- They Stole a Million screen shot
- Developer: Tigress Marketing
- Publisher: 39 Steps
- Composer: Ben Daglish
- Platforms: Amstrad CPC Commodore 64 ZX Spectrum
- Release: NA: 1986; EU: 1986;
- Genre: Strategy
- Mode: Single-player

= They Stole a Million =

1986 video game

They Stole a Million is a strategy computer game released by Ariolasoft in 1986. The objective of the game is to plan robberies and execute the crime.
The player first purchases blueprints of the house where the soon-to-be-stolen object is kept. Then several specialists can be hired which disable alarms, open locks or drive the getaway car.

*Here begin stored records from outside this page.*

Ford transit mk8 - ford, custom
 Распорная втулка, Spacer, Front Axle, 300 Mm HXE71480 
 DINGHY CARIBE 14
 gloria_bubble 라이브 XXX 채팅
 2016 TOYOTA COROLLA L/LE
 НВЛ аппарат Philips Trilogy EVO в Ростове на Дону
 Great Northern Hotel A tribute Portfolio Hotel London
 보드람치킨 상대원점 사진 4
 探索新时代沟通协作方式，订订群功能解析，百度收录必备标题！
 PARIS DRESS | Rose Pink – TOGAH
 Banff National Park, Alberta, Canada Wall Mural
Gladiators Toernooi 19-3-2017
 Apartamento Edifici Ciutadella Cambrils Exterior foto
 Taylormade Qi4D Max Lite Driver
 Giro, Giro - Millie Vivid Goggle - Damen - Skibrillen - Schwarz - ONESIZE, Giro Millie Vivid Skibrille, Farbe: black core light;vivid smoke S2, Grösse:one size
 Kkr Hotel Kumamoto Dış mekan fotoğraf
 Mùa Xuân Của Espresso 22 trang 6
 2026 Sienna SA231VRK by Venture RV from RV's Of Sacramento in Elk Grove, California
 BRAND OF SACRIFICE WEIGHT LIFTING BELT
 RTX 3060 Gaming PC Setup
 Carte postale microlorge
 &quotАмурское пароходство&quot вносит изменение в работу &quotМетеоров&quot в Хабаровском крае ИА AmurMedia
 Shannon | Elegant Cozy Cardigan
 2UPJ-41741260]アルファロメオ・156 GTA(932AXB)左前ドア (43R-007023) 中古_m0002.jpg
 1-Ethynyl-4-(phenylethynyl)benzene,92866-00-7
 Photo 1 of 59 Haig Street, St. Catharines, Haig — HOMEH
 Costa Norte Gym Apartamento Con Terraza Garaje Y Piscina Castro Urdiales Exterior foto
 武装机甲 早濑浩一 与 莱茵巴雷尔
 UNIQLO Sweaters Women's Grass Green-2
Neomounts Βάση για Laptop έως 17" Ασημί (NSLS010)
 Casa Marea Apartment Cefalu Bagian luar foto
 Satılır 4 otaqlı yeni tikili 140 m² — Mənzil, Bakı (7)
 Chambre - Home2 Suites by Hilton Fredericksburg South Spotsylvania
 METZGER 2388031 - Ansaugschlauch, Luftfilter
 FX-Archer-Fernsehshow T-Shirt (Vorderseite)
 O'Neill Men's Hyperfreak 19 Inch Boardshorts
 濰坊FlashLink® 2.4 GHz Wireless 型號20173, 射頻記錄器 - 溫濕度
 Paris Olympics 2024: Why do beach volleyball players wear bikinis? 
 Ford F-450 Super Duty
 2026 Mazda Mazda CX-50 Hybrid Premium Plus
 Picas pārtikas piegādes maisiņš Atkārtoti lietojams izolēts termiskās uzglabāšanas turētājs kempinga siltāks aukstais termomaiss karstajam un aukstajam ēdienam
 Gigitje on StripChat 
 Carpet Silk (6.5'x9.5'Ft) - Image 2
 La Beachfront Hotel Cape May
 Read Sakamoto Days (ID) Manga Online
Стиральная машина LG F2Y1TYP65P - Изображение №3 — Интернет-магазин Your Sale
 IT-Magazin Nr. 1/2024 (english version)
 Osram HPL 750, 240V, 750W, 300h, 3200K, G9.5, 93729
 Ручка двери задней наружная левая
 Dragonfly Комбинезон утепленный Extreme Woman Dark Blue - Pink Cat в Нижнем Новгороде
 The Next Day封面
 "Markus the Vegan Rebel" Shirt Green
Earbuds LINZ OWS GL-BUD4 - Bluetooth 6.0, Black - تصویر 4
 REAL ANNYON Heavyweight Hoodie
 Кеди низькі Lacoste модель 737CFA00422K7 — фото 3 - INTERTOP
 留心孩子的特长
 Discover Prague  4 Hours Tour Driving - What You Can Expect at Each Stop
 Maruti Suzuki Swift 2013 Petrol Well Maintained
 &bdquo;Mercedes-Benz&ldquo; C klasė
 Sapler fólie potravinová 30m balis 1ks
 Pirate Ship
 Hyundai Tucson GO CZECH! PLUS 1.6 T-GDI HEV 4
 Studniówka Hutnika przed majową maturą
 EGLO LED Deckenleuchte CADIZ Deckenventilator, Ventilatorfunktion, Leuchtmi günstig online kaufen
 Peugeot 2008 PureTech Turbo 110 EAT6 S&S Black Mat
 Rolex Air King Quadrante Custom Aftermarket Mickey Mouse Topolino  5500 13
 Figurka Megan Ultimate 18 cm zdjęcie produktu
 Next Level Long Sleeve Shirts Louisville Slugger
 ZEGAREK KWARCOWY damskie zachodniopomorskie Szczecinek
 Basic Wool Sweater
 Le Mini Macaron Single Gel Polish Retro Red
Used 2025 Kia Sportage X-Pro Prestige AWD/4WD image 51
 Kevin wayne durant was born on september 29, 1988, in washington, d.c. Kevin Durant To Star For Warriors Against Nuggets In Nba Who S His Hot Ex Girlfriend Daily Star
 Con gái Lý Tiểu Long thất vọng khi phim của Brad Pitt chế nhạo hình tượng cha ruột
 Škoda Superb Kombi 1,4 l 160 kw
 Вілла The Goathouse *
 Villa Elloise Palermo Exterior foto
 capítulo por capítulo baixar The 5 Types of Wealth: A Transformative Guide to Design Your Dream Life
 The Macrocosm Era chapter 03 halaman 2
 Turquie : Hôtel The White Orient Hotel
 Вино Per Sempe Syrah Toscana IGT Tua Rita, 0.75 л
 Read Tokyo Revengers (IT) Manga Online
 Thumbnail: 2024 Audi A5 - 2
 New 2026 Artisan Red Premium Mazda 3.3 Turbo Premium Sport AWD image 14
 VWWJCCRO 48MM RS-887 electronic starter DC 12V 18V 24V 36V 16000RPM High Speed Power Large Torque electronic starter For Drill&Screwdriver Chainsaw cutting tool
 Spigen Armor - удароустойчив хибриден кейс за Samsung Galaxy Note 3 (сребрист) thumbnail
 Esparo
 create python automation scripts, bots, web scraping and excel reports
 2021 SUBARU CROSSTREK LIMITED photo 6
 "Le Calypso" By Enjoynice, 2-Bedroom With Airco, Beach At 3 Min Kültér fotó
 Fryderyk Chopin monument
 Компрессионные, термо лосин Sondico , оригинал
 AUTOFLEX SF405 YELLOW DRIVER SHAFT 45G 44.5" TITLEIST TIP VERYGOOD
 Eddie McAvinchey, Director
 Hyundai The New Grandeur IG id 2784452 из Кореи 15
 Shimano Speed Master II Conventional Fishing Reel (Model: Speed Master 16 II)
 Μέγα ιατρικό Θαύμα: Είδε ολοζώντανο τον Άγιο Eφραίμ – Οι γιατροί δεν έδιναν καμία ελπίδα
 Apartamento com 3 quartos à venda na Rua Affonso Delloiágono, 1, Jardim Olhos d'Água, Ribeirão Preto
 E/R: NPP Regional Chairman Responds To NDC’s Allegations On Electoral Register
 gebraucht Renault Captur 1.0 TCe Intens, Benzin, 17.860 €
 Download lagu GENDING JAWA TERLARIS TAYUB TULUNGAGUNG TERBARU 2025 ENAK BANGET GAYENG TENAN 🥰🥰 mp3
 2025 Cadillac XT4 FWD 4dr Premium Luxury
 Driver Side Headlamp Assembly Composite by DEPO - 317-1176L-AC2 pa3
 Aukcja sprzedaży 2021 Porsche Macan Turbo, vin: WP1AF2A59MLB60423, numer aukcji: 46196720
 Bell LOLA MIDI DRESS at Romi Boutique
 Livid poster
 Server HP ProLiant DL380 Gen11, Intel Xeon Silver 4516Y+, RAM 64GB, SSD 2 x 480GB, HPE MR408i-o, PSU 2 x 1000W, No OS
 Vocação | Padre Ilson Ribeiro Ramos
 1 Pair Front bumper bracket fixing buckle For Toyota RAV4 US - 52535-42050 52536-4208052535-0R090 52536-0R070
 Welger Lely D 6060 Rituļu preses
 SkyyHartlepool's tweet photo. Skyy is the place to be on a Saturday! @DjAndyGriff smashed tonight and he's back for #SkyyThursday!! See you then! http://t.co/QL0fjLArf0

The planning stage allows the player to set waypoints, actions, and the times at which the actions should take place. For example, the alarm specialist needs two minutes to disable the alarm for a certain display. After two minutes, the lock picking master opens the display and takes the loot.

==Reception==

They Stole a Million received generally positive reception from video game critics. It received a Your Sinclair Megagame award.

Review scores
| Publication | Score |
|---|---|
| Amstrad Action | 88% |
| Sinclair User | 4/5 |
| Zzap!64 | 90% |

==Legacy==
A remake based on the IP was created under the name Der Clou! (The Clue!), followed by a sequel, The Sting!, from the developer's house that was known at the time as Neo Software. They would go on to be assimilated into the Rockstar Games umbrella of developers.